::: Entries supplied

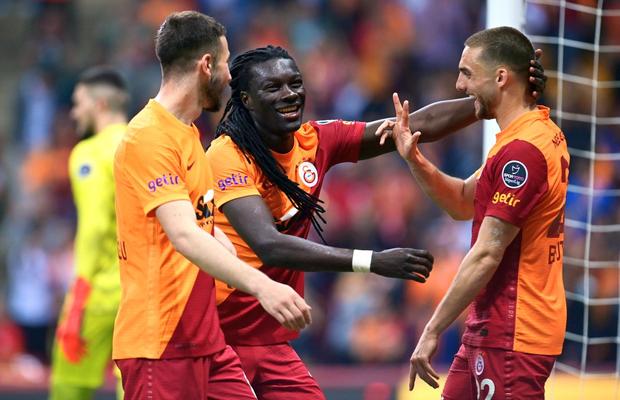 Nu l-au ales pe Hagi » Cine va fi de luni noul antrenor de la Galatasaray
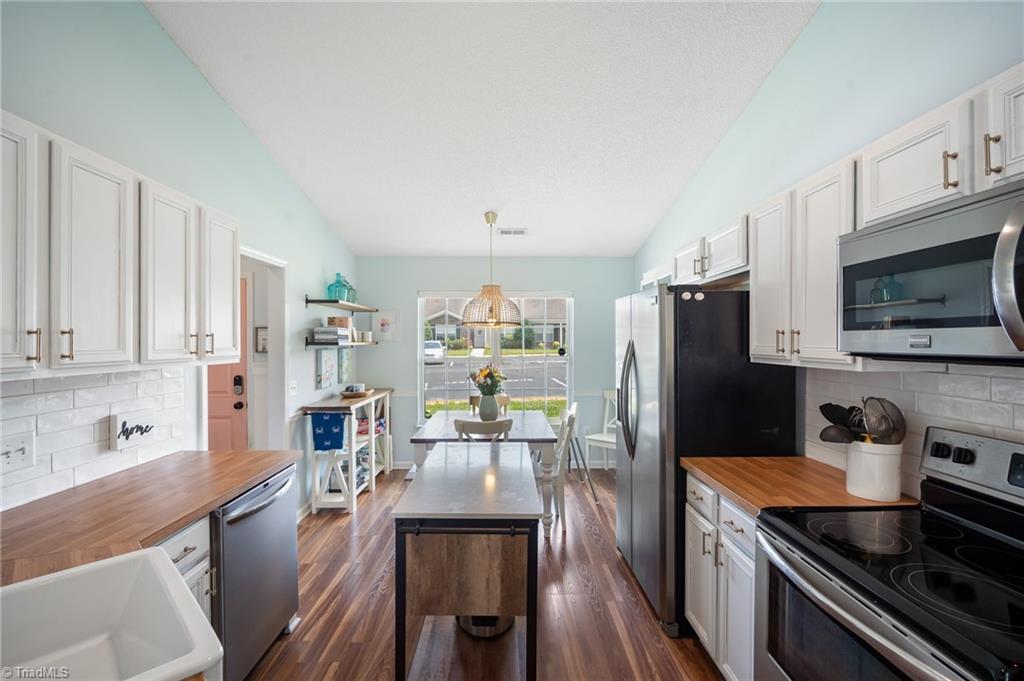 2844 WaterStone Loop High Point, NC 27265 - Photo 4 of 25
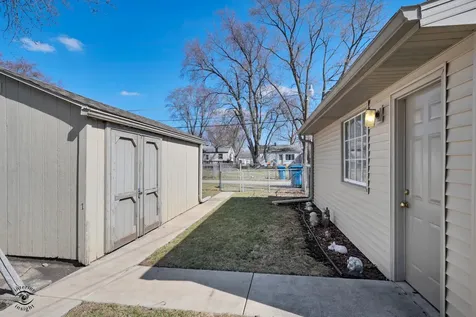 1562 South 5th Avenue Kankakee IL 60901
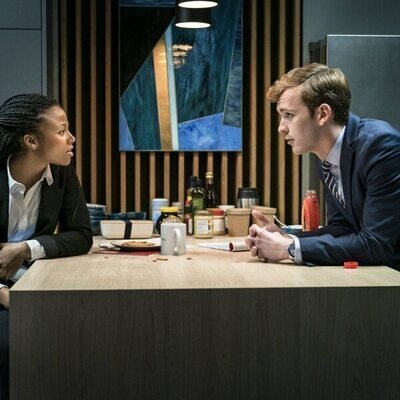 Harry Lawtey y Myha'la Herrold en 1x05 titulado 'Comportamiento Aprendido' de 'Industry'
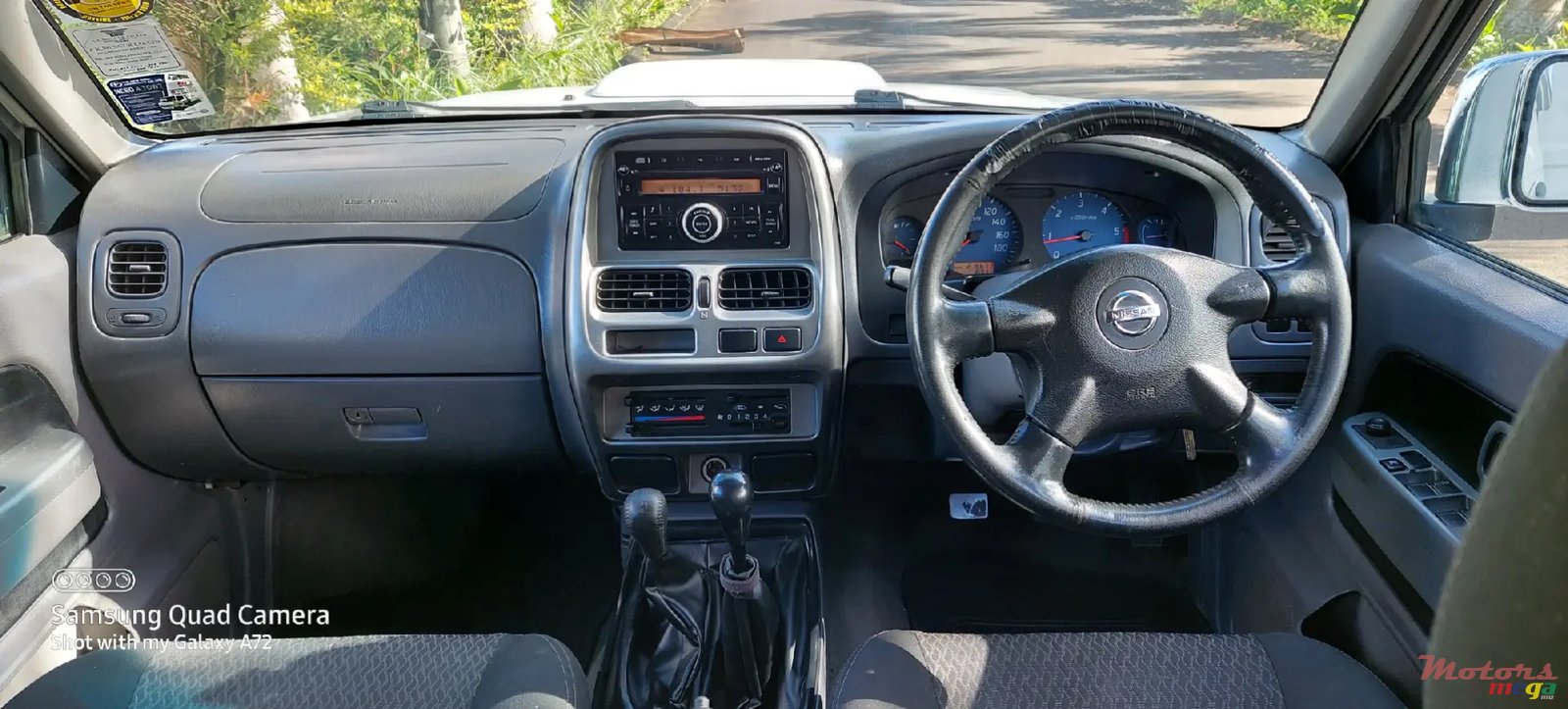 2014' Nissan NP300 photo #5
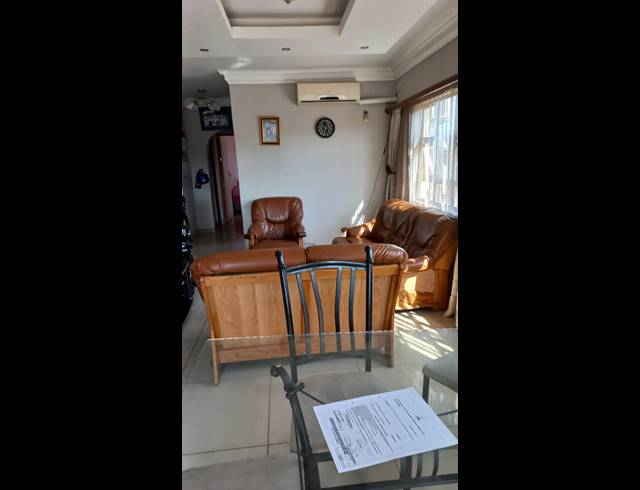 3 BEDROOM HOUSE FOR SALE IN NEWLANDS WEST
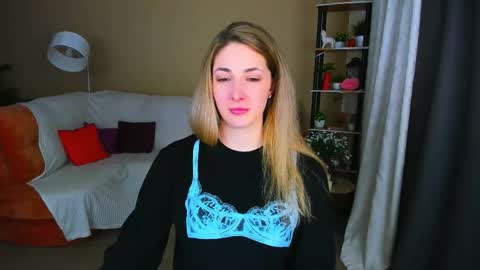 sensitiveheartt online show from March 9, 7:51 pm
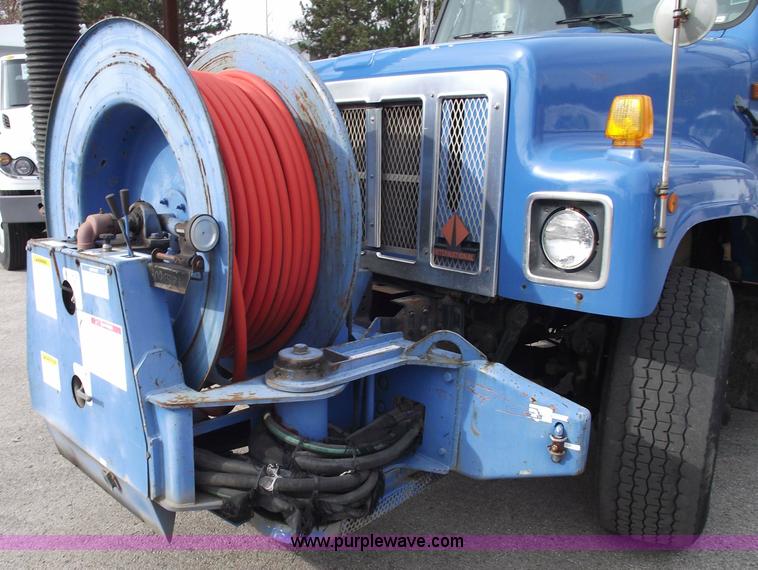 image for item 5595 2000 International Series 2554 Vac-Con truck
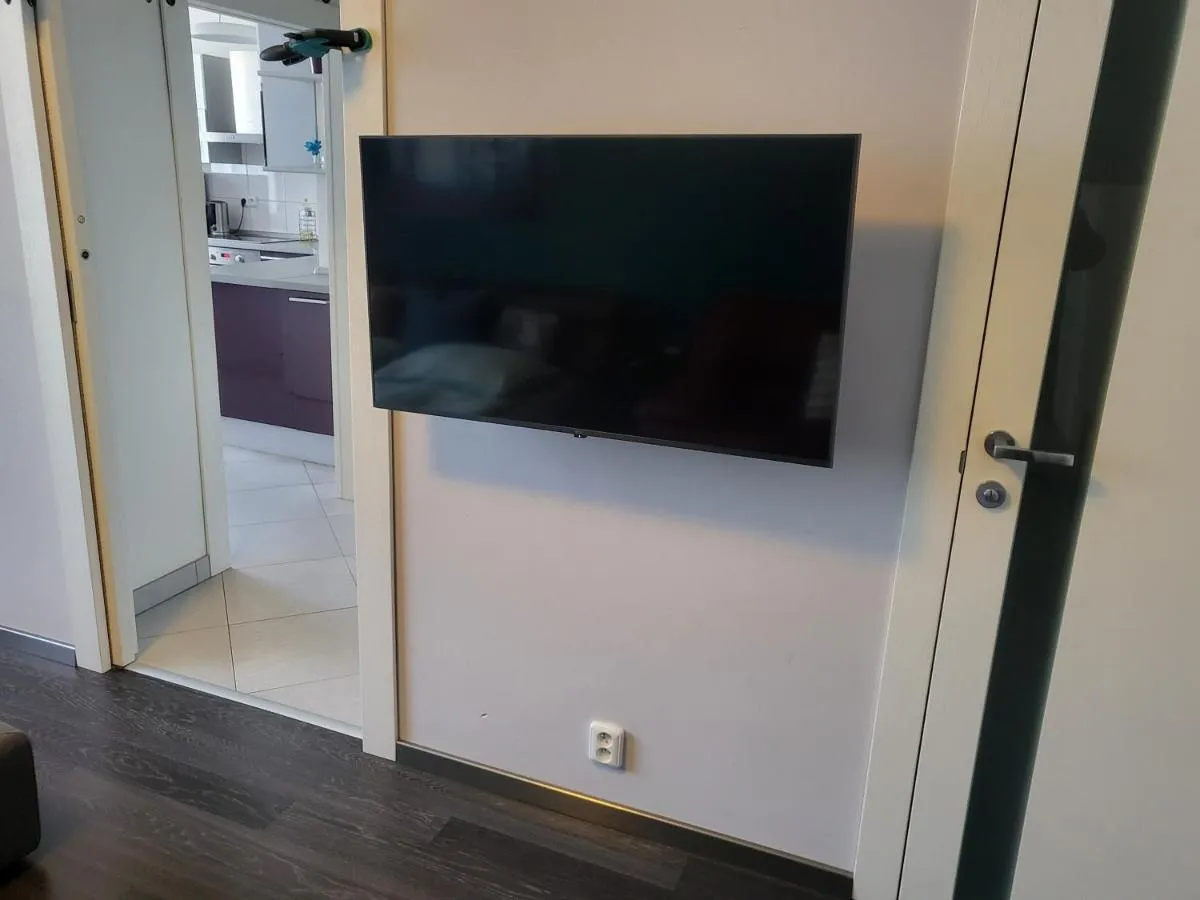 Image 4 of Lovely apartment near the center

::::::

What to produce: Output, exactly, all the records above; include no pictures.

Task response:
 Nu l-au ales pe Hagi » Cine va fi de luni noul antrenor de la Galatasaray
 2844 WaterStone Loop High Point, NC 27265 - Photo 4 of 25
 1562 South 5th Avenue Kankakee IL 60901
 Harry Lawtey y Myha'la Herrold en 1x05 titulado 'Comportamiento Aprendido' de 'Industry'
 2014' Nissan NP300 photo #5
 3 BEDROOM HOUSE FOR SALE IN NEWLANDS WEST
 sensitiveheartt online show from March 9, 7:51 pm
 image for item 5595 2000 International Series 2554 Vac-Con truck
 Image 4 of Lovely apartment near the center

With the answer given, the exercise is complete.